By contrast, her students’ Regents essays were graded by English teachers who didn’t know them and who used detailed rubrics.

When I “depoliticized” the test, I found a useful and flawed ally. The exam excelled where I struggled, offering comprehensive and standards-based assessments. I thrived where the test fell short, designing creative, performance-based projects. Together, we were strategic partners. I designed and graded innovative projects—my students participated in court trials for Shakespearean characters—and the test provided a rubric that guided my evaluation of student learning.

All her students who took the exam passed it. Most earned high scores.

Grading exams: The staircase method

Daniel Solove, a law professor, offers A Guide to Grading Exams on Concurring Opinions. It starts with a stack of exam papers. Then comes the toss down the stairs, which provides a spread for the grading curve.

This is an example of a toss of considerable skill — obviously the result of years of practice.

Exam-Grade-2a.jpg

Solove believes the papers that travel the farthest deserve the highest grades because they obviously have more heft. But an outlier that requires the professor to walk too far should be downgraded to a B.

Is he joking? Yes, he is. Or so he writes.

Via Instapundit, who also is a law professor.

Test graders show bias

In a study in India, teachers hired as test graders gave higher scores when the student was identified as high caste, lower scores to low-caste students, reports Inside School Research.

The Harvard study tested elementary and middle-school students in mathematics, language and art.

The tests, however, were randomly assigned different student characteristics. One student, for instance, would be listed on a cover sheet as a member of the Brahmin caste, the highest of India’s four social groups, while another might be described as being in the lowest caste, the Shudra. The tests were also graded separately by a research staff member who had no knowledge of any of the students’ characteristics.

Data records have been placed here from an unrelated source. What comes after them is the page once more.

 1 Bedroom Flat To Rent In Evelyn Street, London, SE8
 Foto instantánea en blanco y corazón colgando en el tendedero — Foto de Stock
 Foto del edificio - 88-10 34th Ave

As might be expected, the results showed that teachers, on average, assigned scores to students from low castes that were 3 percent to 9 percent lower than those of students who were described as being from a high-caste group. What was particularly interesting, though, was that teachers from low-caste groups were driving most of that discrimination; no evidence of bias could be found for teachers from high-caste groups. And they tended to direct it most often toward the lowest-performing students in the low-caste group—the students who presumably best fit the stereotype.

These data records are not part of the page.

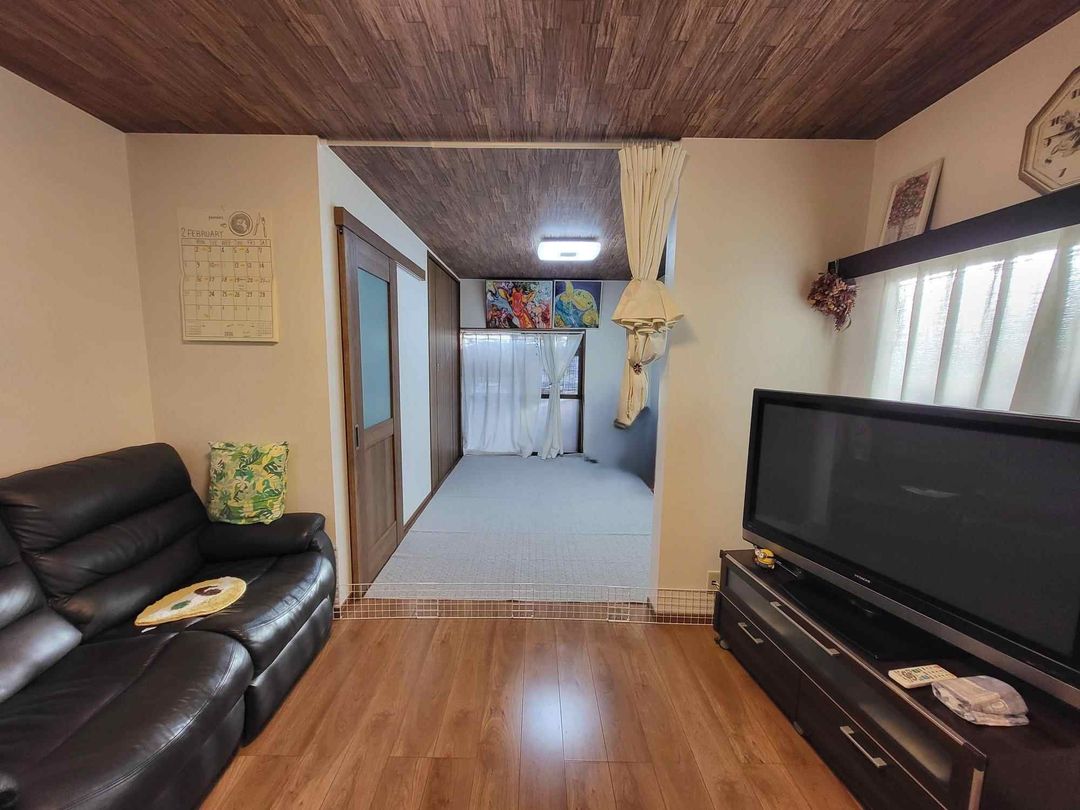 3LDK Wooden House for Sale in Tomidabayashi, Osaka - Thumbnail 2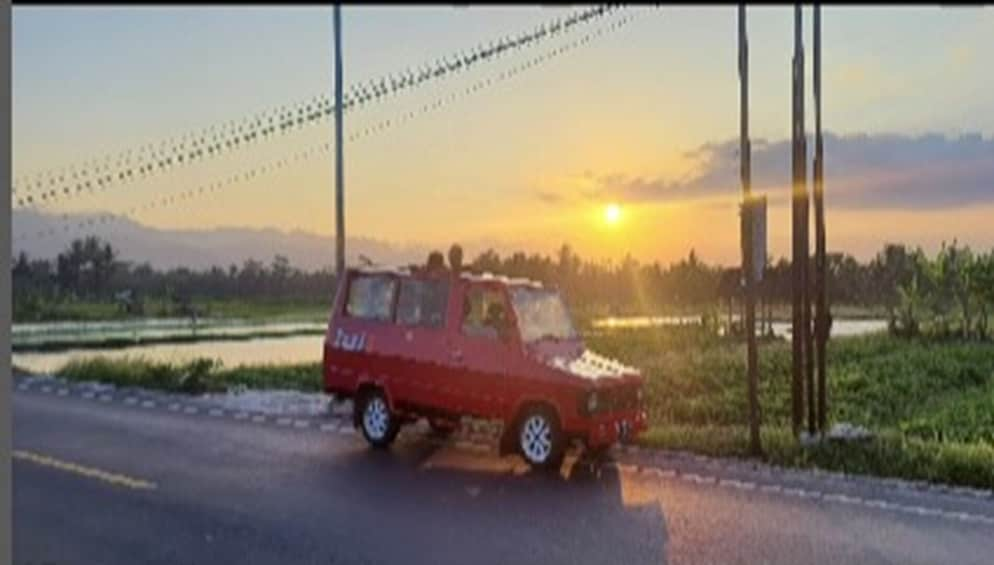 Spirit of Merbabu Village Tour use Toyota Kijang 80s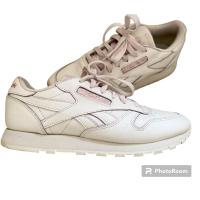 ราคา รองเท้า Preloved Reebok Classic Leather ไซส์ 40 (24366314868)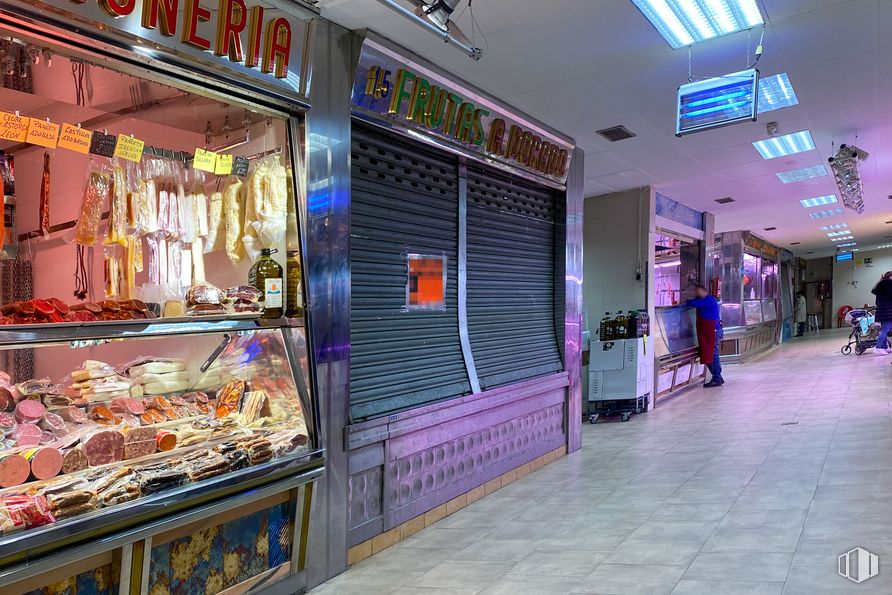 Local en alquiler y venta en Calle de Málaga, 1, Fuenlabrada, Madrid, 28945 con persona, venta minorista, ciudad, comercio, fachada, evento, cliente, calle, uso mixto y delicadeza alrededor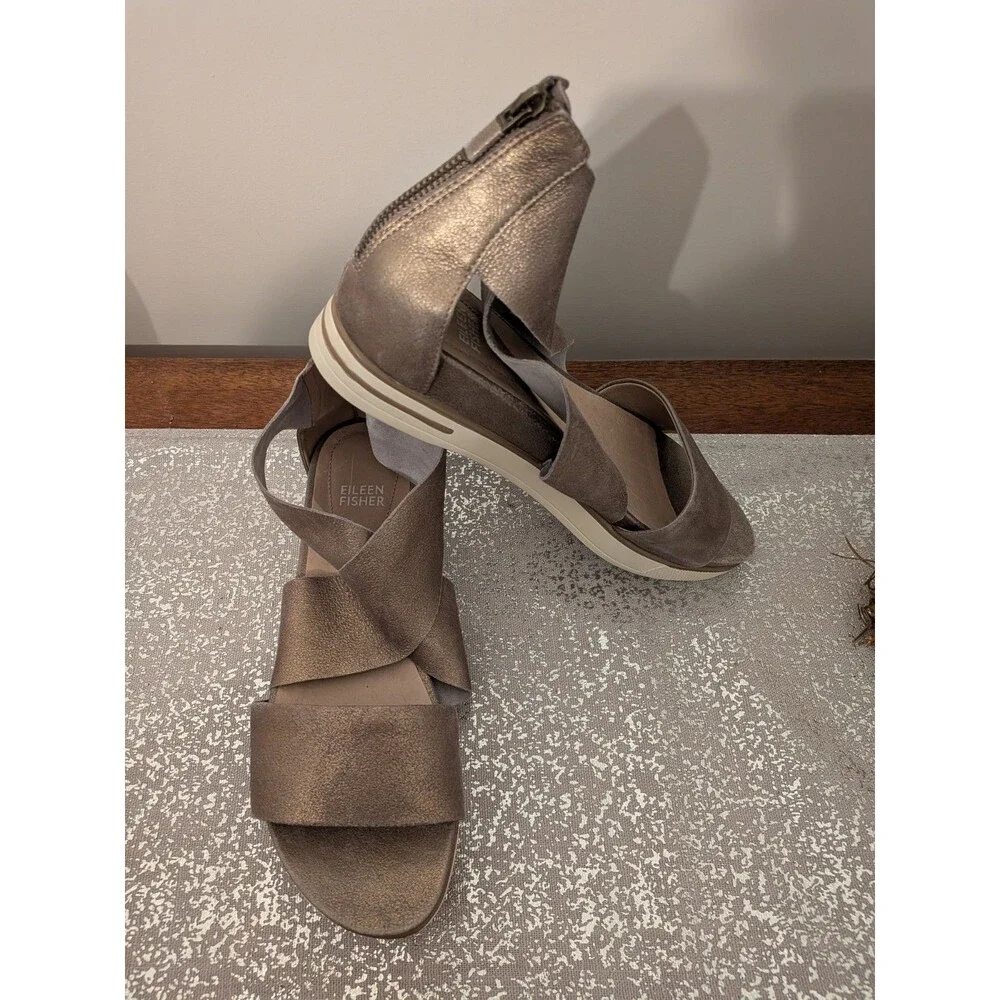 Eileen Fisher Sport Platform Women’s 9 Sandals Gold Metallic Suede Leather NEW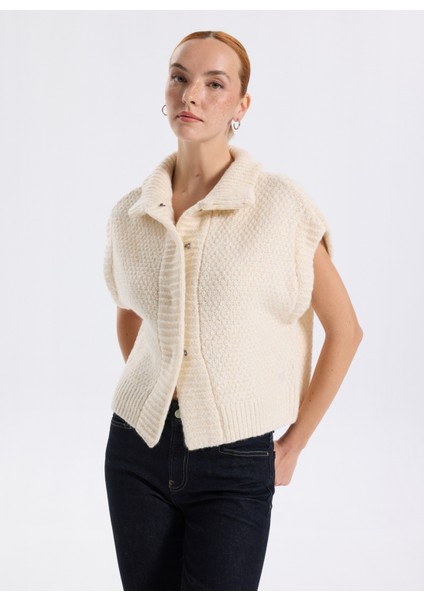 Dik Yaka Regular Fit Düz Ekru Kazak Kadın 261 Lcf 241020 Celına Ekru modelleri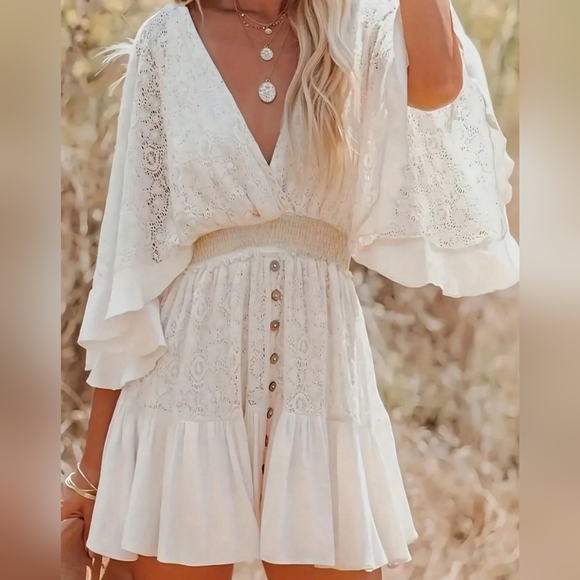 Dresses & Skirts - Lace Patchwork Batwing Sleeve Cinched Waist Dress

Gender didn’t influence grades, except for “the highest-performing girls, who were graded slightly more harshly than their high-performing male counterparts,” writes Debbie Viadero.

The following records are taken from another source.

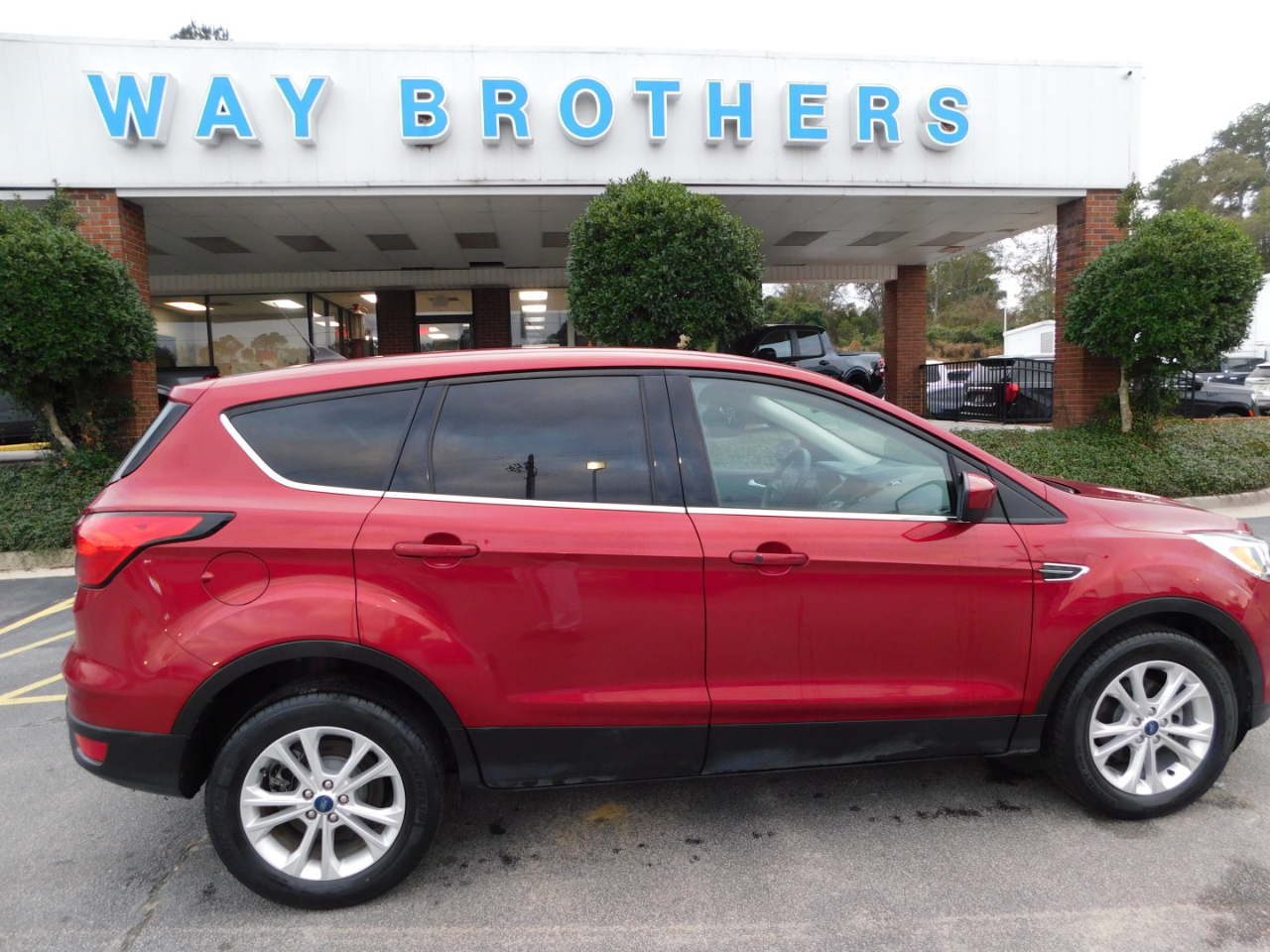 2019 Ford Escape SE's photo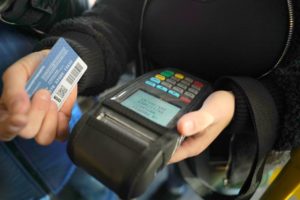 при отказе в безналичной оплате проезда перевозка пассажира осуществляется бесплатно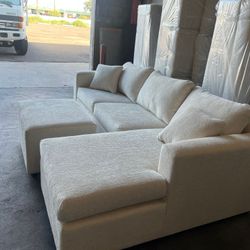 Cream Sectional With Ottoman ¡¡BRAND NEW!!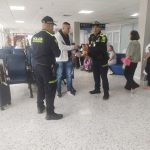 Campaña de la policía en el Aereopuerto Los Garzones a favor de la niñez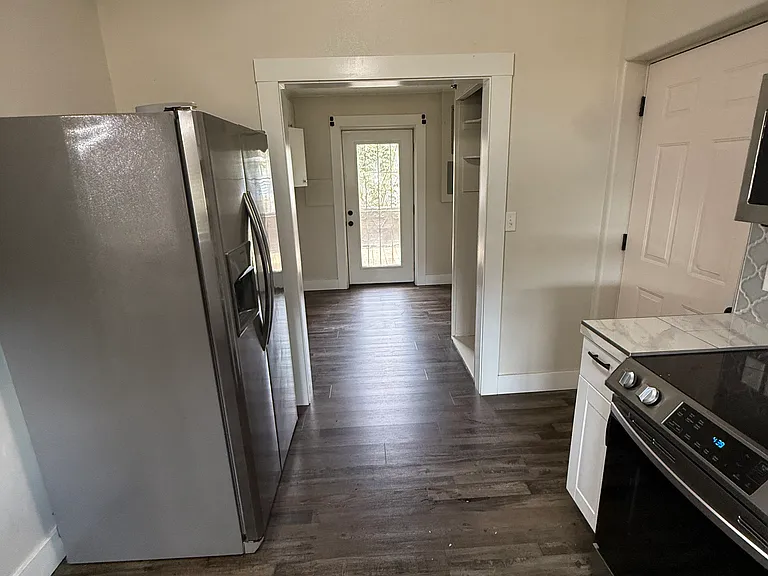 1215 Irving Rd — Photo 9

‘No-fail’ grading gets an ‘H’

“No-fail” grading hasn’t passed the test — or failed, reports Fox News. More school districts have abolished the “F,” hoping that students will try to turn an “H” (for “held”) into a passing grade. But the strategy is controversial.

Last week in Texas, state senators backed the elimination of “no-fail” grading by unanimously approving a measure that would prohibit school districts from forcing teachers to dole out minimum grades to failing pupils. The bill was introduced by Republican State Sen. Jane Nelson, who said the trend toward “no-fail” grading encourages manipulation of the education system.

. . . Nelson, a former public school teacher, said minimum grade policies reward “minimum effort” from students who “live up or down” to expectations set by educators.

Sherri Johnson, director of programs for the National Parent Teacher Association, said “no-fail” may encourage low-performing students to stay in school.

“What an ‘F’ says is that you just don’t get it,” Johnson said. “But what if the child gets pieces of it but they haven’t mastered everything? Or perhaps that ‘F’ says you failed three tests but not necessarily failed the entire skill.”

Some students simply don’t perform well on exams, and grades typically don’t reveal “what’s behind” the failure, Johnson said.

It’s too soon to say whether abolishing the “F” will limit failure. However, only 16 percent of first-semester “H” grades were raised to passing grades in the second semester in public high schools in Grand Rapids, Michigan, Fox notes.